$X_1, ..., X_n \sim Poi(\tau_i), Y_1, ..., Y_n \sim Poi(\beta\tau_i).$ $X$ and $Y $are mutually independent. However, $X_1$ is missing. I would like to use the EM algorithm to estimate $\beta$ and $\tau_i$. The expected complete-data log likelihood is shown on the top of page 329 in the red box
I do not understand why $\beta^{(r+1)} = \frac{\sum_{i=1}^{n}y_i}{\tau_1^{(r)}+\sum_{i=2}^{n}x_i}$. I differentiated the expected complete-data log likelihood function and got $\beta^{(r+1)} = \frac{\sum_{i=1}^{n}y_i}{\sum_{i=1}^{n}\tau_i}$. I am pretty new to EM algorithm and I don't known where I got wrong. Thanks a lot to anyone who can give me a hint.

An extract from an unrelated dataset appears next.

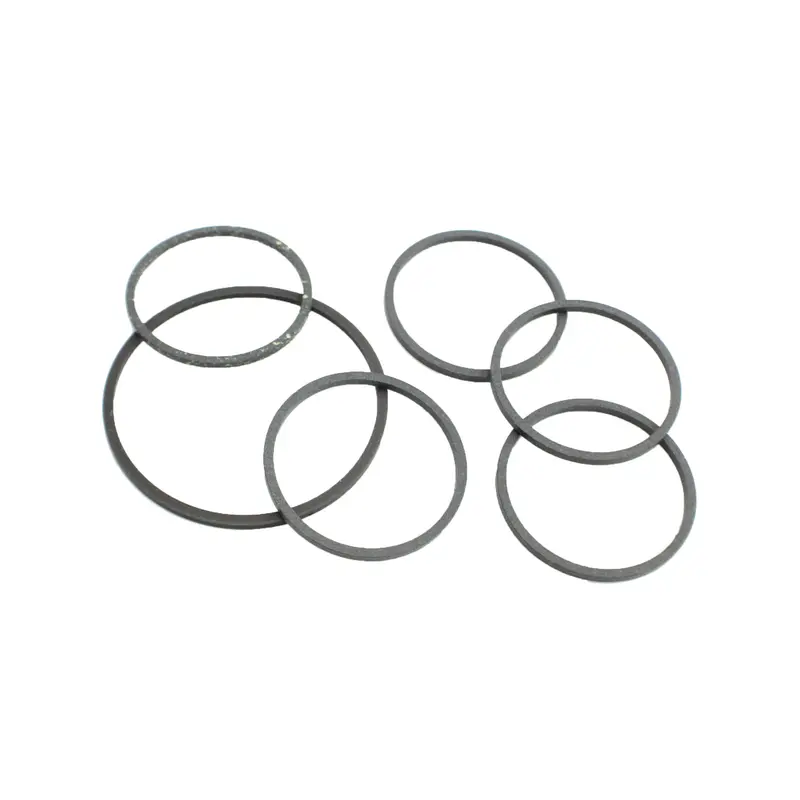 Transtec Sealing Ring Kit 124175B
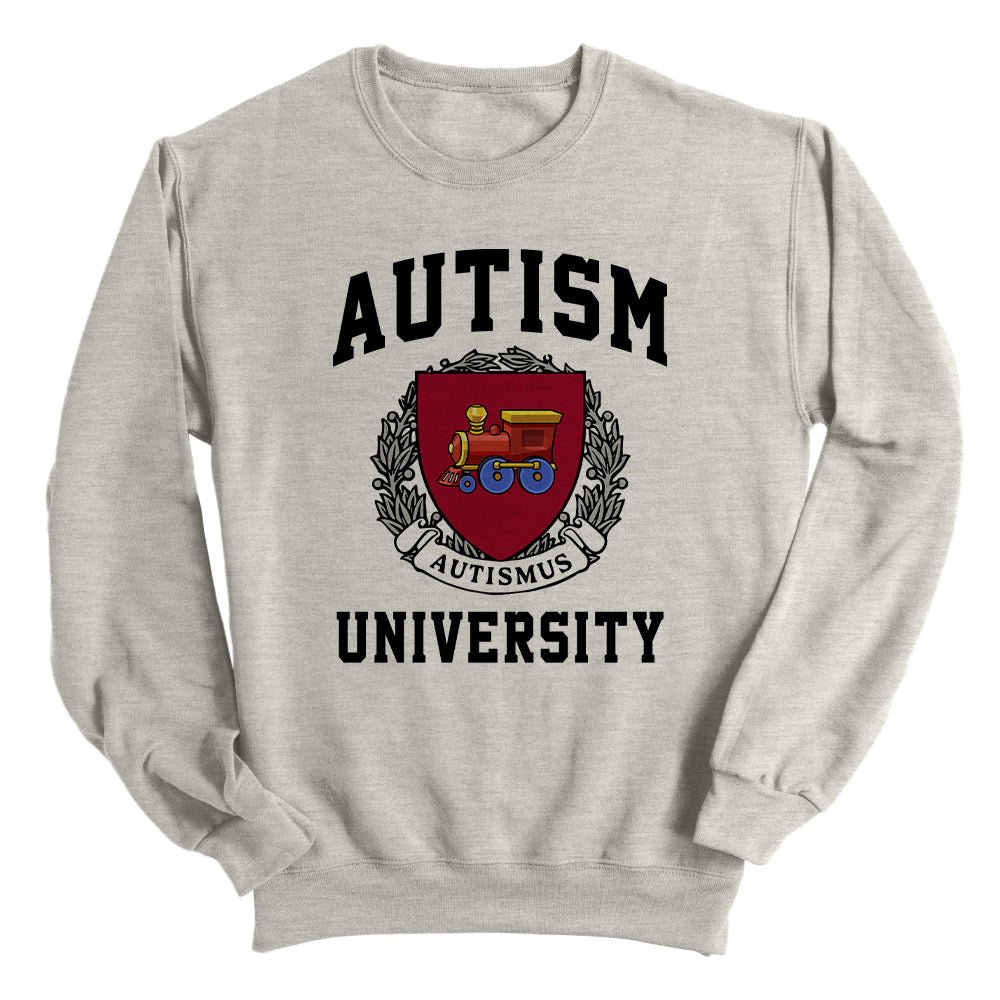 Autism University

Actually $\tau_1$ needs to be differentiated separately to find its MLE estimator for $r+1$.
Set the derivatives to 0 and solve to get the MLEs for $\tau_1$ and $\tau_j, j>=2$. These should come out the same as the authors.
Then substitute these values into your solution for $\beta^(r+1)$ and isolate $\beta^(r+1)$ again and you will end up with the same result as the authors.
There is no typo. (Actually there is a different typo in older editions at the top of page 329--which is why I came to this page, but your edition has this corrected).